Problem to work on
Your answer should be the exact lines of the data below from the one containing "Solar Candy Cane" through the one containing "HERMES Birkin 35"; please include nothing else.

Extracted records
Segment Open
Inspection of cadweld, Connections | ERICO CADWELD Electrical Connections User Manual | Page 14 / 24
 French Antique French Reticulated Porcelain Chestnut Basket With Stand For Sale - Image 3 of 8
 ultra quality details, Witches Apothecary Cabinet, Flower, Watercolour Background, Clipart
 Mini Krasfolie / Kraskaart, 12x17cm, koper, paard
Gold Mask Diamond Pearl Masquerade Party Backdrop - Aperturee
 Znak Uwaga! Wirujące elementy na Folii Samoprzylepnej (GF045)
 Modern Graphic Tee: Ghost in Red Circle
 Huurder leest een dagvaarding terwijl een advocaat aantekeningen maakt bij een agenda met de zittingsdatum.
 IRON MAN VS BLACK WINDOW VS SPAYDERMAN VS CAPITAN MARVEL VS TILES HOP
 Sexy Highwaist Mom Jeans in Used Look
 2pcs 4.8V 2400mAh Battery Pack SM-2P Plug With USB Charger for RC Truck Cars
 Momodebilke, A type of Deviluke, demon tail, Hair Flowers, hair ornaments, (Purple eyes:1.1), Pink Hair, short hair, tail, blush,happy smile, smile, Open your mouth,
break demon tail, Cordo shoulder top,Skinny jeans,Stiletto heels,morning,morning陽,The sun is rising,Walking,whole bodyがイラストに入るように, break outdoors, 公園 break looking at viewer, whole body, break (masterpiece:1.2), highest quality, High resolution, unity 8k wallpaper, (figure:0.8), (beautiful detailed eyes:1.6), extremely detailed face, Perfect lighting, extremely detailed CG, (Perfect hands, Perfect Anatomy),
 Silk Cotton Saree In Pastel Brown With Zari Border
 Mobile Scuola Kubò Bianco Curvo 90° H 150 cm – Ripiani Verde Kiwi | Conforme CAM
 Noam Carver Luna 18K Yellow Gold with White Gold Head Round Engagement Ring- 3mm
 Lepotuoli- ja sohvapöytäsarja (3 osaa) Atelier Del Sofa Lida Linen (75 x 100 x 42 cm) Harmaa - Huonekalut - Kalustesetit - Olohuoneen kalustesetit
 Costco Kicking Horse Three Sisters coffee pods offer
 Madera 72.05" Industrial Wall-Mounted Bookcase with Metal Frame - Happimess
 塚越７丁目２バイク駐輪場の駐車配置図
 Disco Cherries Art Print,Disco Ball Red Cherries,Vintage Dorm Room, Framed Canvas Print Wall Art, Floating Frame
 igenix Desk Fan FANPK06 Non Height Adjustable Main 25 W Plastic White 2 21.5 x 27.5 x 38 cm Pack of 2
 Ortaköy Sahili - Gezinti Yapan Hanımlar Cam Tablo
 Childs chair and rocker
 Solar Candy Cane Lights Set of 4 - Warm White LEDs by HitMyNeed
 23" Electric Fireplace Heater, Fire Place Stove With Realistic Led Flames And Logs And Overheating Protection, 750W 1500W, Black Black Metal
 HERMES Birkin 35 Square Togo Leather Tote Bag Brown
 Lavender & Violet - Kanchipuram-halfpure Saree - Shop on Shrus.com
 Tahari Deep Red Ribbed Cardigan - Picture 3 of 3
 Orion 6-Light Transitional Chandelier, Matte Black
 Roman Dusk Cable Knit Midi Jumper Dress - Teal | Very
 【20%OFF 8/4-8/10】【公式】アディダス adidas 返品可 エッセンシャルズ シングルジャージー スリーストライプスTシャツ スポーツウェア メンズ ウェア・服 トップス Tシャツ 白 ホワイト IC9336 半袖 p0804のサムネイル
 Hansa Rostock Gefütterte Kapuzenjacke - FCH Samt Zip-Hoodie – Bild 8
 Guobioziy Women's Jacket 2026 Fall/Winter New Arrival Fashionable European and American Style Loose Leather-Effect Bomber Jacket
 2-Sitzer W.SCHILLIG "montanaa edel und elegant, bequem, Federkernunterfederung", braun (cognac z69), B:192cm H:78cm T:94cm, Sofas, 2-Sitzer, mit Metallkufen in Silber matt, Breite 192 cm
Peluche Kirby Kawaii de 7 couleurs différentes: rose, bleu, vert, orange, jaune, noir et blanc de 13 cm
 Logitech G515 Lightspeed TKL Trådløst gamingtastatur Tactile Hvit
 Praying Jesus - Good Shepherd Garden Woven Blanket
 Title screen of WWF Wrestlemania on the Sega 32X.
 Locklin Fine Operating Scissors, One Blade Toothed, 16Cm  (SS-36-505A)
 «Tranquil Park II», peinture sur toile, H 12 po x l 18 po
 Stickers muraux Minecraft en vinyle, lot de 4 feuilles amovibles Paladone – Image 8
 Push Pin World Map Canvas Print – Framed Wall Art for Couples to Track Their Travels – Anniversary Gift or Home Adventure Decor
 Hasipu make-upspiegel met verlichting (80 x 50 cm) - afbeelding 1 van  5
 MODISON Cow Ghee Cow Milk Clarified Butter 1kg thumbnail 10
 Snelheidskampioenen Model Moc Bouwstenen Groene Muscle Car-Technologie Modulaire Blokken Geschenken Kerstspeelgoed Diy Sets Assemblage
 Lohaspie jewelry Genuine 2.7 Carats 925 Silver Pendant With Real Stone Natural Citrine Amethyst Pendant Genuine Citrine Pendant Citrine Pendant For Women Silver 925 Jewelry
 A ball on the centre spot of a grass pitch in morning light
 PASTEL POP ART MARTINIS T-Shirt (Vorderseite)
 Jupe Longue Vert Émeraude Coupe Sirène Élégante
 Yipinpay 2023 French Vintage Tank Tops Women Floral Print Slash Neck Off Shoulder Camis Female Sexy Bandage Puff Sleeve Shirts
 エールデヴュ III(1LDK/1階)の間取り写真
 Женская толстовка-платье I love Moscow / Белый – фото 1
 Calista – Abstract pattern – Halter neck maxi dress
Segment Closed
Solution for this task
 Solar Candy Cane Lights Set of 4 - Warm White LEDs by HitMyNeed
 23" Electric Fireplace Heater, Fire Place Stove With Realistic Led Flames And Logs And Overheating Protection, 750W 1500W, Black Black Metal
 HERMES Birkin 35 Square Togo Leather Tote Bag Brown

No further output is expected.